====== EXERCISE MATERIALS ======
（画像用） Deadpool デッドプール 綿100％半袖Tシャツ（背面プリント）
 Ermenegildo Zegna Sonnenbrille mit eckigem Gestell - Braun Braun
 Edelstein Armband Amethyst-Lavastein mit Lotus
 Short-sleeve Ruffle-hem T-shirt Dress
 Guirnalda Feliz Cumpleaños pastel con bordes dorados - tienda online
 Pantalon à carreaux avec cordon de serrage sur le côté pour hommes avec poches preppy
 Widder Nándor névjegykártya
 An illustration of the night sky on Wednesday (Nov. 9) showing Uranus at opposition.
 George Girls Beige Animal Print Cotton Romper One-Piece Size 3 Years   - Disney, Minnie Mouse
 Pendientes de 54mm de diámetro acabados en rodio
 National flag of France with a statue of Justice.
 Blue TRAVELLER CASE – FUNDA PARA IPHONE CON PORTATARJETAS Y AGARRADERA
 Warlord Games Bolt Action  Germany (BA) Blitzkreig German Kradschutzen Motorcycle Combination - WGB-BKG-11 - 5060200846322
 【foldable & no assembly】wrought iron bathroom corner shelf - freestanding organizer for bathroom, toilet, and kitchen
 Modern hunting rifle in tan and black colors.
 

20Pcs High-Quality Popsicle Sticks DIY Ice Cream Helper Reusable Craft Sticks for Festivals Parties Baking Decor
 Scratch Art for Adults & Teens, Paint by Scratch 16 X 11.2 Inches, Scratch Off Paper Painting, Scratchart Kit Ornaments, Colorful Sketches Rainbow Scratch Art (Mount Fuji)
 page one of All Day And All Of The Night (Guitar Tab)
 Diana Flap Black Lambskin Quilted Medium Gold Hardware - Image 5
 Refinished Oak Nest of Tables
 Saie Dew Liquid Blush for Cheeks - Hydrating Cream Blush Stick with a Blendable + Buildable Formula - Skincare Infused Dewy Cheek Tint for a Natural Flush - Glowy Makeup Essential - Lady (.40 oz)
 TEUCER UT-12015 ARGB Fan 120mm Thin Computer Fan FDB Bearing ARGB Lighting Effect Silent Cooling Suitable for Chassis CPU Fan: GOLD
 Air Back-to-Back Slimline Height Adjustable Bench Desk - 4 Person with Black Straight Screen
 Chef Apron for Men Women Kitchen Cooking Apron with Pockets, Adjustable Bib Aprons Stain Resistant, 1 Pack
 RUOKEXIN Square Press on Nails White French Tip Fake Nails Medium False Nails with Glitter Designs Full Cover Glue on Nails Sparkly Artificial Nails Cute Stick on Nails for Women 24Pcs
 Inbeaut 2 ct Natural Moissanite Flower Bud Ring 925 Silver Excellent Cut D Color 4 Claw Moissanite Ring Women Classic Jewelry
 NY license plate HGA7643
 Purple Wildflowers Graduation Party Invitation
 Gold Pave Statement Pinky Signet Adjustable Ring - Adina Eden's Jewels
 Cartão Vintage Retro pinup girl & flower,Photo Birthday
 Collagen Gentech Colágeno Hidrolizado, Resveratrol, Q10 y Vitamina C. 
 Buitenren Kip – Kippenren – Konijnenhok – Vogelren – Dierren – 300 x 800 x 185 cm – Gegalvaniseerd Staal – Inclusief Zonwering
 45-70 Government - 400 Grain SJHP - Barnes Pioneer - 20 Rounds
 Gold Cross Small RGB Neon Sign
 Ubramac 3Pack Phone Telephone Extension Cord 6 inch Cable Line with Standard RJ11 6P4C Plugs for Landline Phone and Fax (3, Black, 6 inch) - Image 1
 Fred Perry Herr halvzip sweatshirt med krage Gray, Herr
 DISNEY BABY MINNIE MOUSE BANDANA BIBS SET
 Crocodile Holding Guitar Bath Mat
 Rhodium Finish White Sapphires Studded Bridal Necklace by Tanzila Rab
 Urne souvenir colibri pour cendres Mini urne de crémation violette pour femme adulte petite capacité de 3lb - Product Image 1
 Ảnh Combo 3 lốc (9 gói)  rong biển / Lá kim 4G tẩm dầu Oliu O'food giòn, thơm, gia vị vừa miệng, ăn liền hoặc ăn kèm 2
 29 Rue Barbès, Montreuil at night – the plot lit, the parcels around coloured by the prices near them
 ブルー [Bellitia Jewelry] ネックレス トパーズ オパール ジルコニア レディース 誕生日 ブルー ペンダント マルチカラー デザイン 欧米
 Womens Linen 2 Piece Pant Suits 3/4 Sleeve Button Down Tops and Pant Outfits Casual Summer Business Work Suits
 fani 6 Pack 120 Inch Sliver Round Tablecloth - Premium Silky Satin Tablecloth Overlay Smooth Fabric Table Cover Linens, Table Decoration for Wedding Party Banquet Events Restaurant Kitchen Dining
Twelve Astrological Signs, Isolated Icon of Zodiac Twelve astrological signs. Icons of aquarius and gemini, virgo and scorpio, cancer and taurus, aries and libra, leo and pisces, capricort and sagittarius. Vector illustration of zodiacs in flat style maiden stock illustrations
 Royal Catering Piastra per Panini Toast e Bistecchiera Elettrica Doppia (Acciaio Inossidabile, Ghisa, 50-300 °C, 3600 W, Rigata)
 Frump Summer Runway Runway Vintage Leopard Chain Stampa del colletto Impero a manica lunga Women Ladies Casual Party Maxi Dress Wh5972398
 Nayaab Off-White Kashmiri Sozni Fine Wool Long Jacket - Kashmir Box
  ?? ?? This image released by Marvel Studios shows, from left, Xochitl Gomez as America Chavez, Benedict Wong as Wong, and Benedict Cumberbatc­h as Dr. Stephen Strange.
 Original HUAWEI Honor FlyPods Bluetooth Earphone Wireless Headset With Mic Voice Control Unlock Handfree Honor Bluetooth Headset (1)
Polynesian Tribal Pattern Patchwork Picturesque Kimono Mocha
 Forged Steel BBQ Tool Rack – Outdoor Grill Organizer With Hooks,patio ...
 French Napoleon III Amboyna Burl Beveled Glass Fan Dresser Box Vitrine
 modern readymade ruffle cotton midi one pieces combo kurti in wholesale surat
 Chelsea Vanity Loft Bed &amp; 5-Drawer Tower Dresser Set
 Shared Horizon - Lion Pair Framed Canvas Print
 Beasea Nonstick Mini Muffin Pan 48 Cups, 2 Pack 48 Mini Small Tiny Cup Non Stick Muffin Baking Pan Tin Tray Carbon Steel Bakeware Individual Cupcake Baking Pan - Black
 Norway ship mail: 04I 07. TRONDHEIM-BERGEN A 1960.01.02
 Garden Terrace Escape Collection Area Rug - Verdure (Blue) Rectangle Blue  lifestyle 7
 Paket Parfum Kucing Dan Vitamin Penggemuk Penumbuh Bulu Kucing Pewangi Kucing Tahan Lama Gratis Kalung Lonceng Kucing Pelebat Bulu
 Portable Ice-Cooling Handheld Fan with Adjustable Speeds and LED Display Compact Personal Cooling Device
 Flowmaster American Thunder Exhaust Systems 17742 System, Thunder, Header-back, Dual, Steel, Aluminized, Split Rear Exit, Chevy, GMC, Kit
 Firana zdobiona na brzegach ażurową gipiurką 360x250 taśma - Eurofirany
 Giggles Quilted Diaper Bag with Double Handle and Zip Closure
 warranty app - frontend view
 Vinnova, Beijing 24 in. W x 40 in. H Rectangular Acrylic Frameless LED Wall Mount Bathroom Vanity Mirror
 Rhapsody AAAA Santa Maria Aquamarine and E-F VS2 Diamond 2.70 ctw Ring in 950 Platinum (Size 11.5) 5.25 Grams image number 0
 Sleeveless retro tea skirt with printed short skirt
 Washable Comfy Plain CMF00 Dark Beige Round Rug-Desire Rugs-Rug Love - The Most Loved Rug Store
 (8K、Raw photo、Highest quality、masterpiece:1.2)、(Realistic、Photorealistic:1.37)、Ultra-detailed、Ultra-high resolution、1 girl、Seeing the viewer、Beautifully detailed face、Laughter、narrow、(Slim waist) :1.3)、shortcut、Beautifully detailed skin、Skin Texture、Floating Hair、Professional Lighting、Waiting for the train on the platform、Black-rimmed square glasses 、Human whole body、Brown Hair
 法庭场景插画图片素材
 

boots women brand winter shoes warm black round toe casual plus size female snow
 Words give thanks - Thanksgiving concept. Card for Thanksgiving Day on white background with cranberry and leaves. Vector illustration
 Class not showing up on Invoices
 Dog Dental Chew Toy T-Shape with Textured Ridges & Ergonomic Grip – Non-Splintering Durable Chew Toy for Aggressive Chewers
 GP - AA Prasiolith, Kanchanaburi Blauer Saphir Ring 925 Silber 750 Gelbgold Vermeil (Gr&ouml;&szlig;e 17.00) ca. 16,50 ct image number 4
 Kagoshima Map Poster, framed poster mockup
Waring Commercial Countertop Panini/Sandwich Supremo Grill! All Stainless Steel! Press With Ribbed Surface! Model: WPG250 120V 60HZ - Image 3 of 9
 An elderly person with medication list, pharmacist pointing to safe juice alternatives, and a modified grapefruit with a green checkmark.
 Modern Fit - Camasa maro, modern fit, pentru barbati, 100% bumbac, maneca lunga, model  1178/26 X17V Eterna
======
Wherever the word "Lighting" turns up in a line of the entries above, copy that line.

 TEUCER UT-12015 ARGB Fan 120mm Thin Computer Fan FDB Bearing ARGB Lighting Effect Silent Cooling Suitable for Chassis CPU Fan: GOLD
 (8K、Raw photo、Highest quality、masterpiece:1.2)、(Realistic、Photorealistic:1.37)、Ultra-detailed、Ultra-high resolution、1 girl、Seeing the viewer、Beautifully detailed face、Laughter、narrow、(Slim waist) :1.3)、shortcut、Beautifully detailed skin、Skin Texture、Floating Hair、Professional Lighting、Waiting for the train on the platform、Black-rimmed square glasses 、Human whole body、Brown Hair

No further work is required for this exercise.